Exercise requirements → The entries below should be transcribed in their entirety, exactly as written.

· · · · · · ·

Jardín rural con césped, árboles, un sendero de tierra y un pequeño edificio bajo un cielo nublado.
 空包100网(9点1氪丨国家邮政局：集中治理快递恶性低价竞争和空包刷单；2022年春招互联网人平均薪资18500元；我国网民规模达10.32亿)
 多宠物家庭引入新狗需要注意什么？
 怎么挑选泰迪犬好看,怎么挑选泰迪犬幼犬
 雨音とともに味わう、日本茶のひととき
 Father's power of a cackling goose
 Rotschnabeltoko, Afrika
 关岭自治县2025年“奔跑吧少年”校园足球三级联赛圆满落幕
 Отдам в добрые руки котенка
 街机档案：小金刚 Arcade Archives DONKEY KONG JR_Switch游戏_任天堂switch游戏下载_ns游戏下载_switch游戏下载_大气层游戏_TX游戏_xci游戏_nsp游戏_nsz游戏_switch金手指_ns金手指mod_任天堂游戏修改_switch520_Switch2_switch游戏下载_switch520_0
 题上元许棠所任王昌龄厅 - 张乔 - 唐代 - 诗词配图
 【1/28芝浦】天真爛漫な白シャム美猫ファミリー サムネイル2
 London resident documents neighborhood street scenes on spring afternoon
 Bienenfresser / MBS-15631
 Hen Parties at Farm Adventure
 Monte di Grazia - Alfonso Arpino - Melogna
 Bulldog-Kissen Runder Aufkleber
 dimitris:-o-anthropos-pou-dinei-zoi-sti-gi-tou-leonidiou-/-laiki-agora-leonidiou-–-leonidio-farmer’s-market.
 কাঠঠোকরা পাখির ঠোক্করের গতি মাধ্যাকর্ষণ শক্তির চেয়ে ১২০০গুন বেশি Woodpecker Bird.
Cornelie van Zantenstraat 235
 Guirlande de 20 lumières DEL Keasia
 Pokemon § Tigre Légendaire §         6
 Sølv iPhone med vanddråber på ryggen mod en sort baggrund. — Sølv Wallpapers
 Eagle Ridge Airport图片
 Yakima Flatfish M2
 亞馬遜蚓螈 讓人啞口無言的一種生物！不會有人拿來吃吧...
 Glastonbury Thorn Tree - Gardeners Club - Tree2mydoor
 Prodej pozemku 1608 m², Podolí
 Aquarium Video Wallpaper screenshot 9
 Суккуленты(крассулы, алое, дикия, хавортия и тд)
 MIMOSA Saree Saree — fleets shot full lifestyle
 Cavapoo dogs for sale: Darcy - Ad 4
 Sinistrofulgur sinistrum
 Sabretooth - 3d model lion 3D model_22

· · · · · · ·

Answer for this exercise →
Jardín rural con césped, árboles, un sendero de tierra y un pequeño edificio bajo un cielo nublado.
 空包100网(9点1氪丨国家邮政局：集中治理快递恶性低价竞争和空包刷单；2022年春招互联网人平均薪资18500元；我国网民规模达10.32亿)
 多宠物家庭引入新狗需要注意什么？
 怎么挑选泰迪犬好看,怎么挑选泰迪犬幼犬
 雨音とともに味わう、日本茶のひととき
 Father's power of a cackling goose
 Rotschnabeltoko, Afrika
 关岭自治县2025年“奔跑吧少年”校园足球三级联赛圆满落幕
 Отдам в добрые руки котенка
 街机档案：小金刚 Arcade Archives DONKEY KONG JR_Switch游戏_任天堂switch游戏下载_ns游戏下载_switch游戏下载_大气层游戏_TX游戏_xci游戏_nsp游戏_nsz游戏_switch金手指_ns金手指mod_任天堂游戏修改_switch520_Switch2_switch游戏下载_switch520_0
 题上元许棠所任王昌龄厅 - 张乔 - 唐代 - 诗词配图
 【1/28芝浦】天真爛漫な白シャム美猫ファミリー サムネイル2
 London resident documents neighborhood street scenes on spring afternoon
 Bienenfresser / MBS-15631
 Hen Parties at Farm Adventure
 Monte di Grazia - Alfonso Arpino - Melogna
 Bulldog-Kissen Runder Aufkleber
 dimitris:-o-anthropos-pou-dinei-zoi-sti-gi-tou-leonidiou-/-laiki-agora-leonidiou-–-leonidio-farmer’s-market.
 কাঠঠোকরা পাখির ঠোক্করের গতি মাধ্যাকর্ষণ শক্তির চেয়ে ১২০০গুন বেশি Woodpecker Bird.
Cornelie van Zantenstraat 235
 Guirlande de 20 lumières DEL Keasia
 Pokemon § Tigre Légendaire §         6
 Sølv iPhone med vanddråber på ryggen mod en sort baggrund. — Sølv Wallpapers
 Eagle Ridge Airport图片
 Yakima Flatfish M2
 亞馬遜蚓螈 讓人啞口無言的一種生物！不會有人拿來吃吧...
 Glastonbury Thorn Tree - Gardeners Club - Tree2mydoor
 Prodej pozemku 1608 m², Podolí
 Aquarium Video Wallpaper screenshot 9
 Суккуленты(крассулы, алое, дикия, хавортия и тд)
 MIMOSA Saree Saree — fleets shot full lifestyle
 Cavapoo dogs for sale: Darcy - Ad 4
 Sinistrofulgur sinistrum
 Sabretooth - 3d model lion 3D model_22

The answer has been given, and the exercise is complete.